# Solved: My Netgear router wont connect to the internet.



## mike_needs_help (Nov 15, 2010)

I have a netgear router and i cant get it to connect to the internet through my comcast rca modem. i have tried the power cycle thing many times and the ipconfig/release / renew but nothing. i haven't tried the mac address thing but i need step by step instructions to do it because i am not very tech smart. Also i might not be turning my modem off all the way. the light still blinks but i am not sure how to turn it all the way off. Can anyone help?


----------



## cwwozniak (Nov 29, 2005)

If the modem does not have a power switch, you should be able to turn if off completely by unplugging the power adapter from the back of the modem or from the AC outlet for a few seconds.

Is your computer able to connect to the Internet when plugged directly into the LAN port of the modem? If so, please run the *IPCONFIG /ALL* command from the Windows Command screen while you have a working connection. You can get to the command screen by entering *cmd *into Windows *Start -> Run...* dialog box. Mark, copy and paste the entire results into a new post here.

Do you know how to log into the administration pages of the router?


----------



## mike_needs_help (Nov 15, 2010)

I do not know how to log on to the administration pages of the router and when i unplug the modem is still blinks on the power part of the modem. here is the info for when i have the connection with the modem.(internet doesnt work with the modem)

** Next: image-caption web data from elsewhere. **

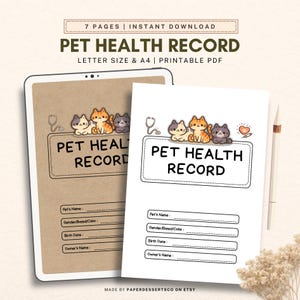 Könnte beinhalten: Ein Haustiergesundheitsregister mit dem Text "PET HEALTH RECORD" und Katzen-Illustrationen. Verfügbar in Letter- und A4-Größe, als druckbares PDF. Enthält Felder für Name, Rasse, Geburtsdatum und Besitzerinformationen. Ideal für Tierbesitzer.
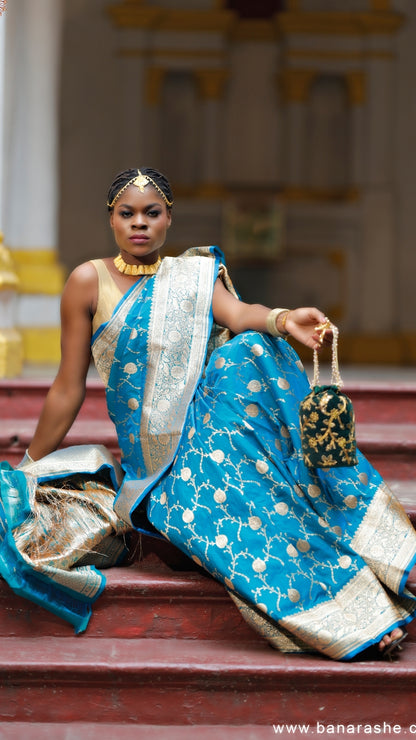Light Blue Katan Silk Banarasi Saree with Silver Zari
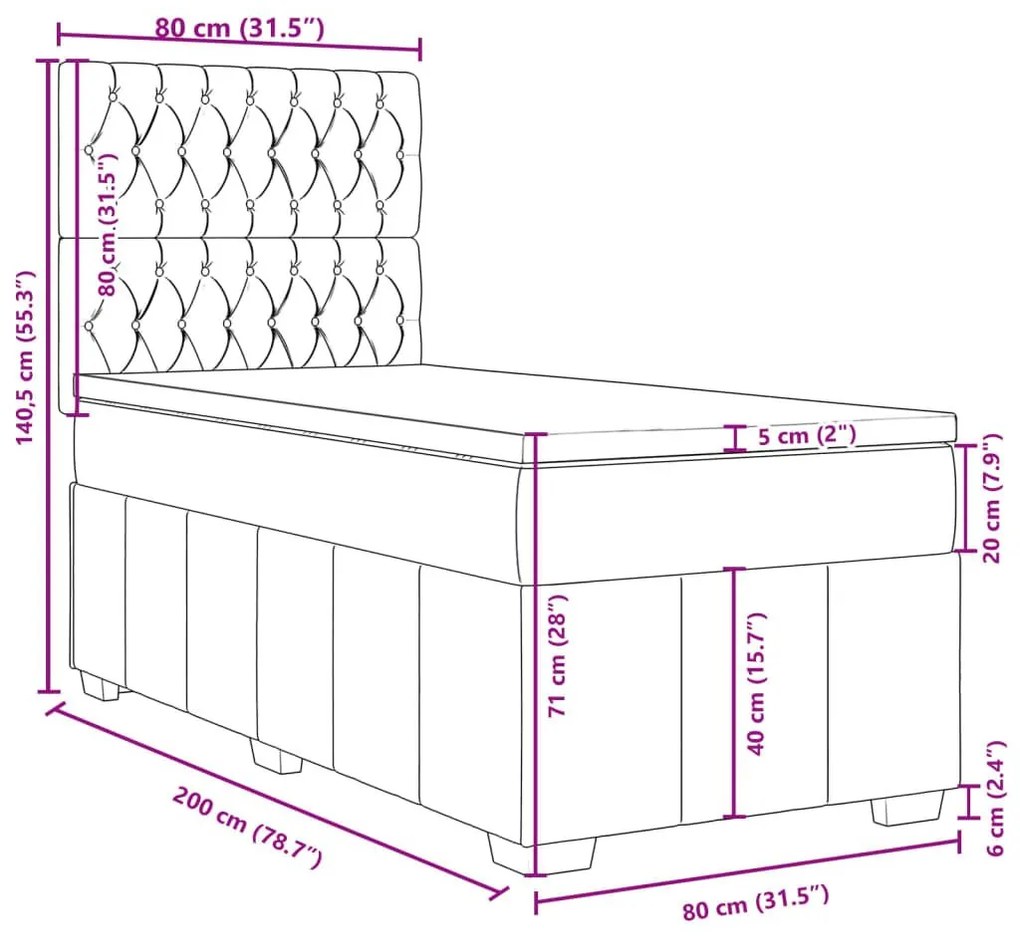 Κρεβάτι Boxspring με Στρώμα Σκούρο Γκρι 80x200 εκ. Υφασμάτινο - Γκρι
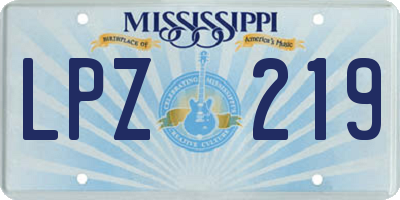 MS license plate LPZ219
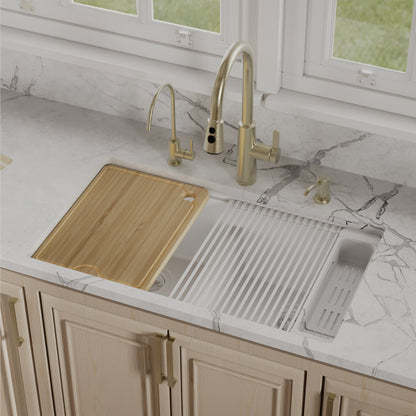 32" Undermount Double Bowl Quartz Kitchen Sink Kit In White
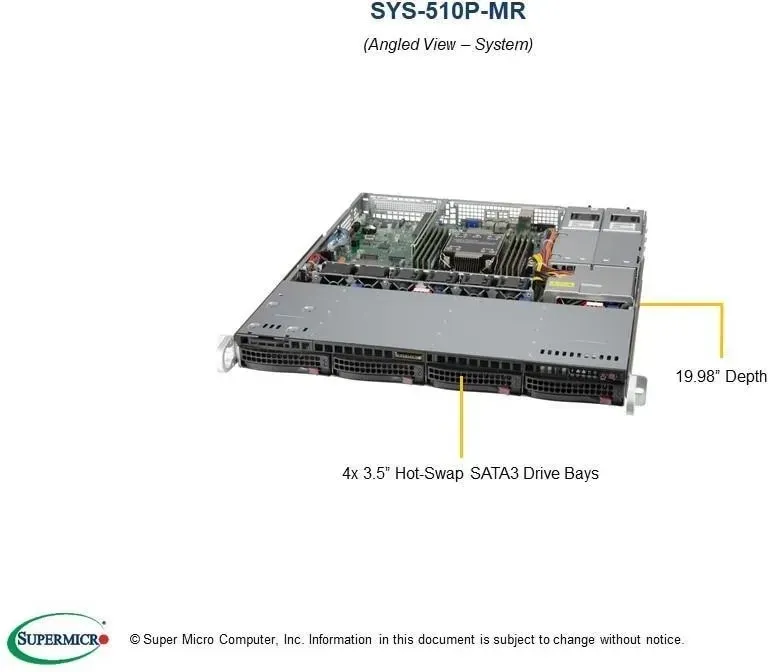 Сервер Supermicro Сервер Беарбон Up Superserver Sys-510P-Mr (SYS510PMR) Київ - фото 1
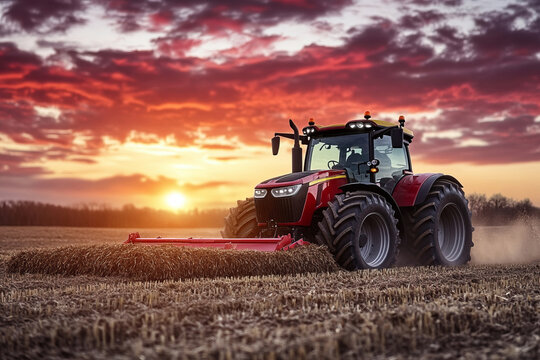 Modern red tractor harvesting field during vibrant sunset on farmland with dramatic sky and dust trail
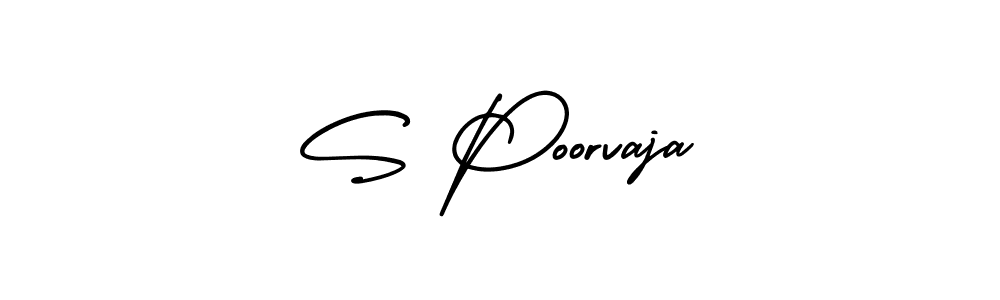 Design your own signature with our free online signature maker. With this signature software, you can create a handwritten (AmerikaSignatureDemo-Regular) signature for name S Poorvaja. S Poorvaja signature style 3 images and pictures png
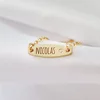 Brățară placuta personalizata cu nume de baiat – Diamant natural - Argint 925 placat cu Aur Galben 18K - Cu lantisor fata/baiat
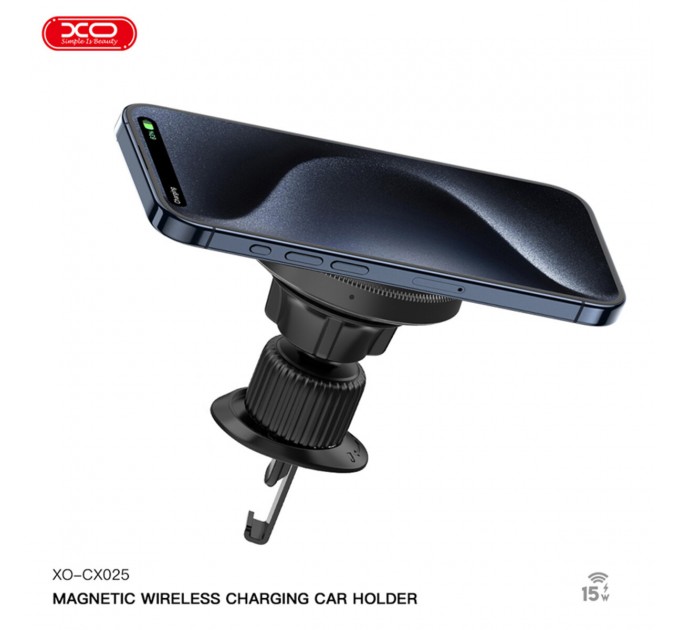 Держатель телефона автомобильный XO с беспроводной зарядкой CX025 Magnetic Car Air Vent 15W черный, цена: 549 грн.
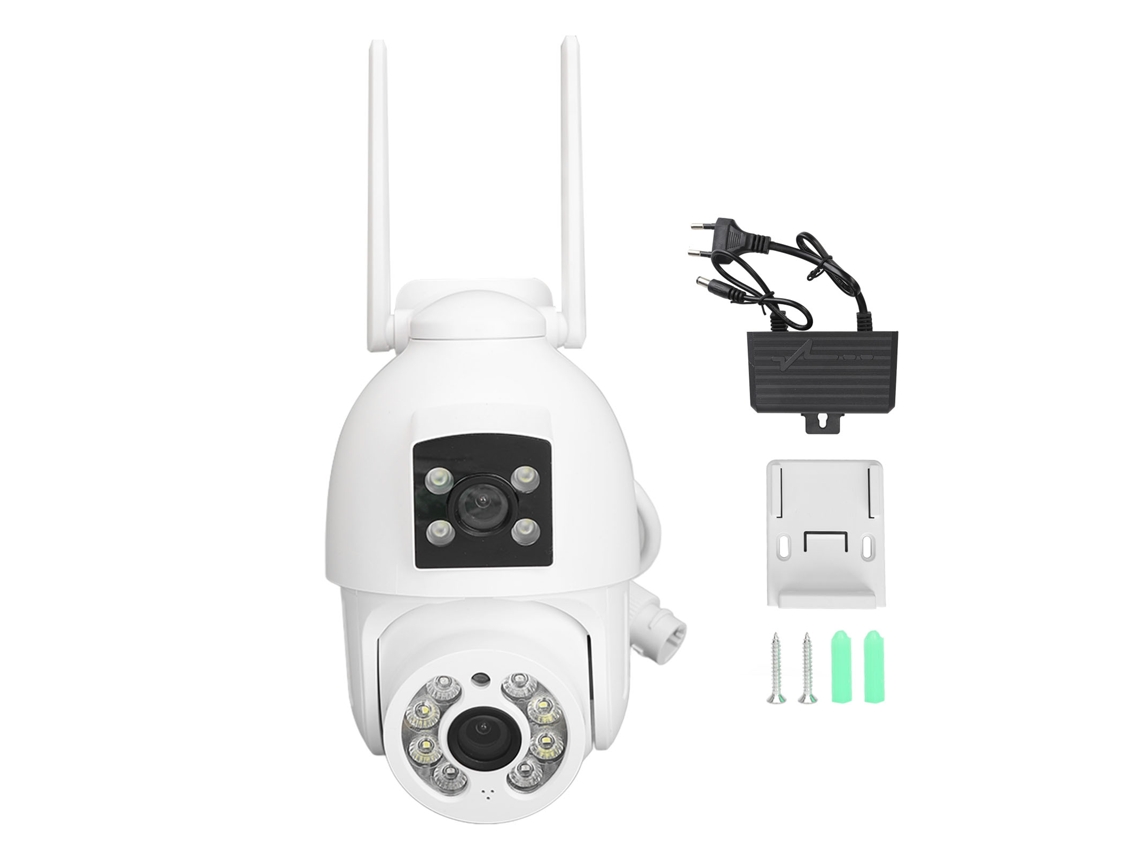 Cámara De Seguridad Dual 360° Visión Panorámica 2mp Hd Visión Nocturna Impermeable Wifi Exterior 100-240v Plug Eu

Microsoft Windows XP [Version 5.1.2600]
(C) Copyright 1985-2001 Microsoft Corp.
C:\Documents and Settings\MARY FFITCH>ipconfig/all
Windows IP Configuration
Host Name . . . . . . . . . . . . : DCPF4J71
Primary Dns Suffix . . . . . . . :
Node Type . . . . . . . . . . . . : Mixed
IP Routing Enabled. . . . . . . . : No
WINS Proxy Enabled. . . . . . . . : No
DNS Suffix Search List. . . . . . : hsd1.wa.comcast.net.
Ethernet adapter Local Area Connection:
Connection-specific DNS Suffix . : hsd1.wa.comcast.net.
Description . . . . . . . . . . . : Intel(R) PRO/100 VE Network Connecti
on
Physical Address. . . . . . . . . : 00-13-20-0A-E9-C2
Dhcp Enabled. . . . . . . . . . . : Yes
Autoconfiguration Enabled . . . . : Yes
IP Address. . . . . . . . . . . . : 71.237.187.81
Subnet Mask . . . . . . . . . . . : 255.255.252.0
Default Gateway . . . . . . . . . : 71.237.184.1
DHCP Server . . . . . . . . . . . : 68.87.69.13
DNS Servers . . . . . . . . . . . : 68.87.69.150
68.87.85.102
Lease Obtained. . . . . . . . . . : Saturday, November 20, 2010 9:25:27
AM
Lease Expires . . . . . . . . . . : Monday, November 22, 2010 3:39:01 PM

C:\Documents and Settings\MARY FFITCH>


----------



## cwwozniak (Nov 29, 2005)

mike_needs_help said:


> here is the info for when i have the connection with the modem.(internet doesnt work with the modem)


All of the information IPCONFIG /ALL report looks like you should have a working connection to the Internet through the modem and I am not sure why you can not get a working connection.

Do you get any kind of error report if you try to visit a web site like www.google.com with any web browser? Also, go into the DOS Command Screen and try this command: *TRACERT www.google.com* . If you get an error message, then try *TRACERT 209.85.225.99* (The IP address for www.google.com)



mike_needs_help said:


> I do not know how to log on to the administration pages of the router


The user/owner manual for the router should give you the information for the default IP address, user name (usually something like *admin*) and password (might be leave blank). If the default address does not work, run the basic IPCONFIG command and note the Gateway IP address. Then try an http:// connection to that address. If you still have problems let us know the exact model number and any version number of your router.



mike_needs_help said:


> when i unplug the modem is still blinks on the power part of the modem.


What is the exact model number of the modem?


----------



## mike_needs_help (Nov 15, 2010)

Alright logged on to the router finally and made some adjustments and got it working. Thanks for all the help.:up:


----------



## cwwozniak (Nov 29, 2005)

You're welcome.

Glad to hear you were able to figure out the router settings.


----------